According to an official spokesperson, Brazil's president Jair Bolsonaro ordered military operations in seven states to fight the flames in the Amazon.
Footage has now been shared by Força Aérea Brasileira (the Brazilian air force) showing a plane dumping water as it passes through a cloud of smoke.
The news comes as leaders of the Group of Seven (G7) nations meet in France. Over the weekend, French president Emmanuel Macron said the G7 had almost agreed a deal to provide 'technical and financial help' to put out the fires that are devastating the Amazon.
There have been more than 72,000 fires in the Amazon this year, a number that has never been recorded.
British prime minister Boris Johnson has pledged £10m ($12m) to help protect the Amazon rainforest and urged fellow leaders to do their part.

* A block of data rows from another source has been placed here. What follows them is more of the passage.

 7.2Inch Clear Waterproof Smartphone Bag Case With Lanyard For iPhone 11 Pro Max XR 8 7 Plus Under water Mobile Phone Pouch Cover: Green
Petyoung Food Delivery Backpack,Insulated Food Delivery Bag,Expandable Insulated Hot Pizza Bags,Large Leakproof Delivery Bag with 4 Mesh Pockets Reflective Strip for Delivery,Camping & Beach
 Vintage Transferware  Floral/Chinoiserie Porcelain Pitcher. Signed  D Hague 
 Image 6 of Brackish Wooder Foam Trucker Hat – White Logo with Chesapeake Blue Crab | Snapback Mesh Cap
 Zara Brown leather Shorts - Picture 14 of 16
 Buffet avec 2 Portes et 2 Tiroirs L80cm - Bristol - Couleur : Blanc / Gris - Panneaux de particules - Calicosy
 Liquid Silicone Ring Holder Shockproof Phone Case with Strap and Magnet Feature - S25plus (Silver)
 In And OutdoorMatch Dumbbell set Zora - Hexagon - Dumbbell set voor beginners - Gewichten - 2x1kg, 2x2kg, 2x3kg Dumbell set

Speaking ahead of a G7 session on the environment, Mr Johnson said: "In a week where we have all watched, horrified, as the Amazon rainforest burns before our eyes, we cannot escape the reality of the damage we are inflicting on the natural world.

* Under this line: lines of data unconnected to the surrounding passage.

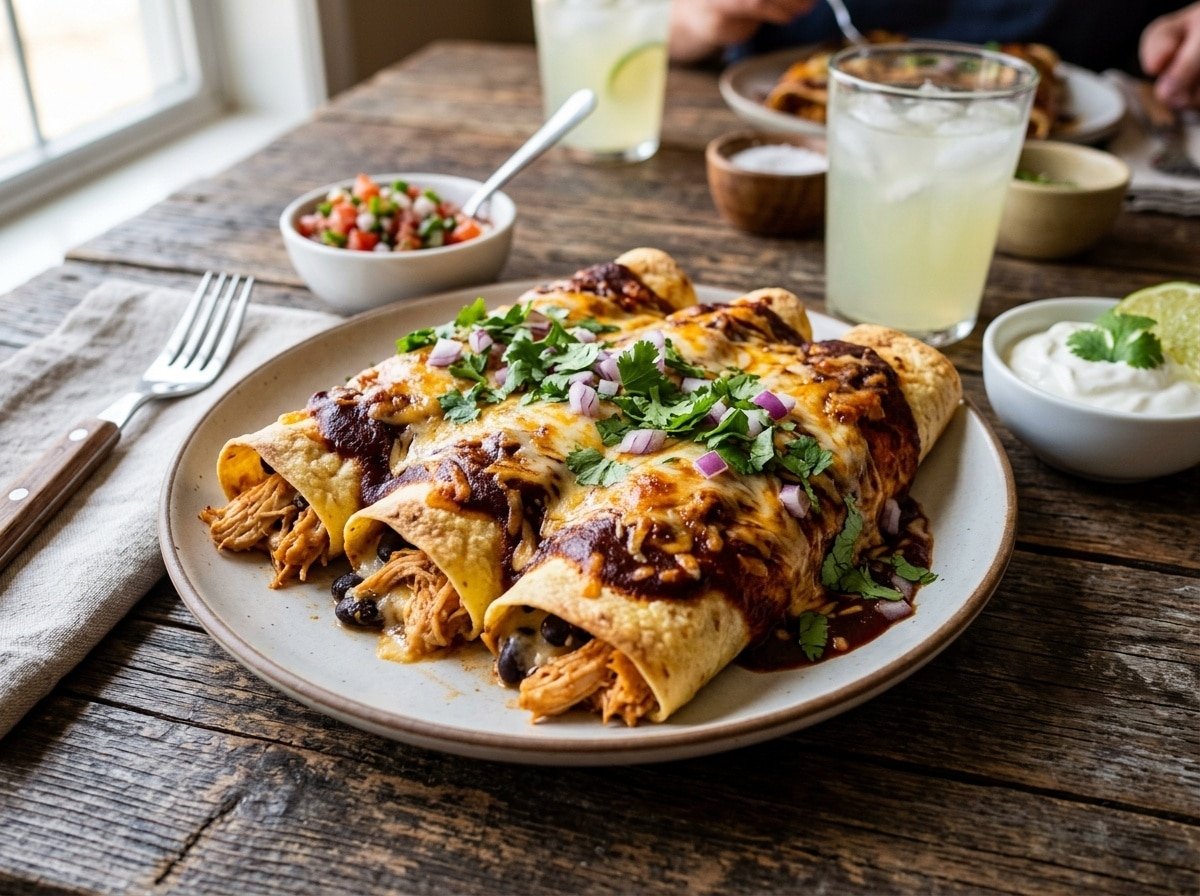 BBQ Chicken Stuffed Enchiladas with cheese and enchilada sauce, garnished with cilantro on a wooden table.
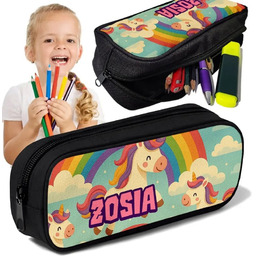 Piórnik TUBA + IMIĘ Jednorożec Tęcza Personalizowany Szkolny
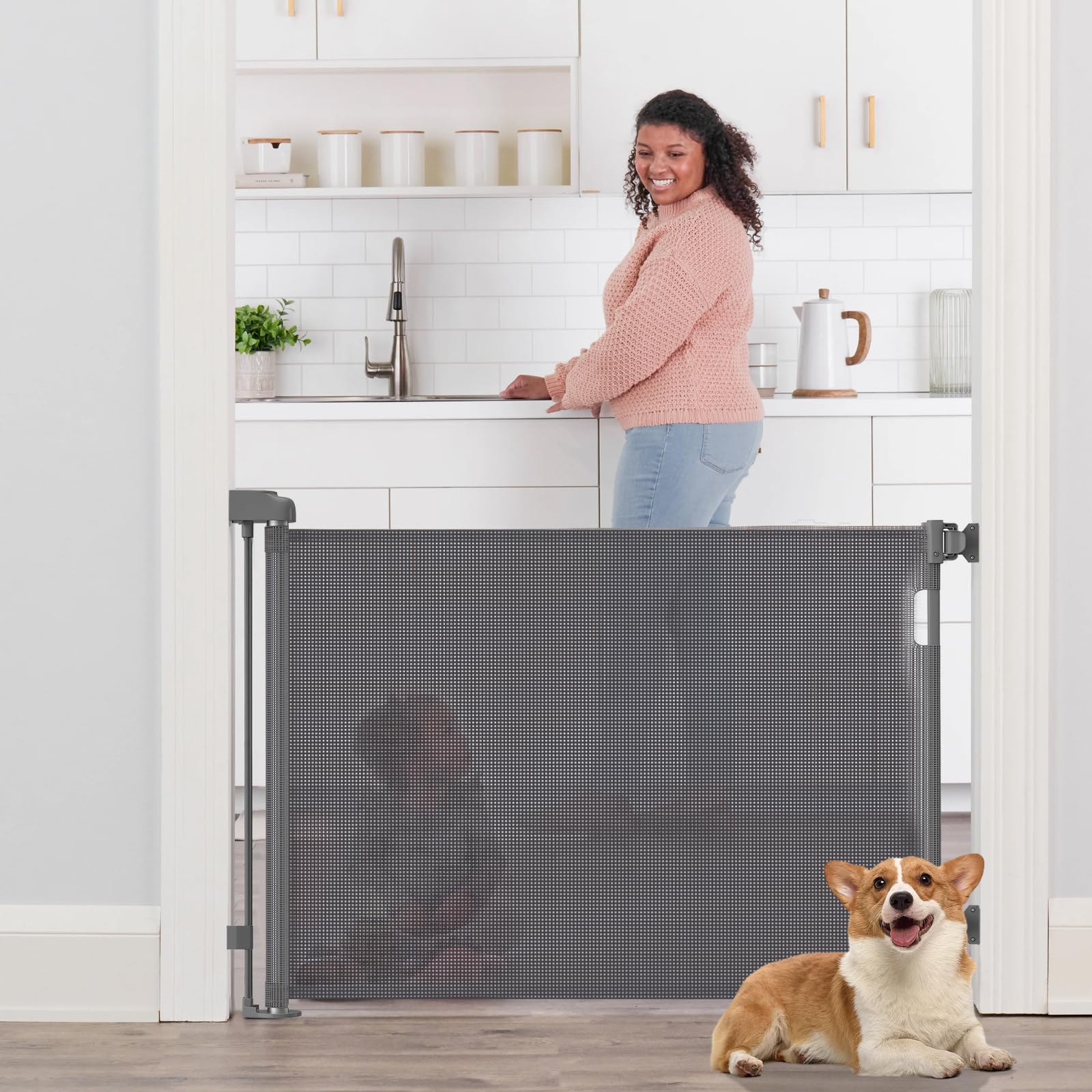 KOOSREEL Retractable Stair Gate for Babies and Pets Baby Gate or Dog Gate Extends to 140 cm wide, 86 cm tall - Image 2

"The planet faces two immense threats: climate change and biodiversity loss. These are two sides of the same coin - it is impossible to solve one challenge without fixing the other.
"We cannot stop climate change without protecting the natural environment and we can't restore global nature without tackling climate change."
But it is not just politicians who are looking for an answer to the raging forest fires. An organisation backed by Leonardo DiCaprio has just committed a massive chunk of money to help authorities tackle the many fires currently burning in the forest dubbed 'the world's lungs'.
Earth Alliance has donated $5m ($6m) to the conservation effort, which will go to five local organisations directly involved in combating the collective blaze.
In an Instagram post last week, the Once Upon A Time In Hollywood star said: "The lungs of the Earth are in flames.
"The Brazilian Amazon - home to 1 million Indigenous people and 3 million species - has been burning for more than two weeks straight.
"There have been 74,000 fires in the Brazilian Amazon since the beginning of this year - a staggering 84% increase over the same period last year (National Institute for Space Research, Brazil).
"Scientists and conservationists attribute the accelerating deforestation to President Jair Bolsonaro, who issued an open invitation to loggers and farmers to clear the land after taking office in January. The largest rainforest in the world is a critical piece of the global climate solution.
"Without the Amazon, we cannot keep the Earth's warming in check. The Amazon needs more than our prayers."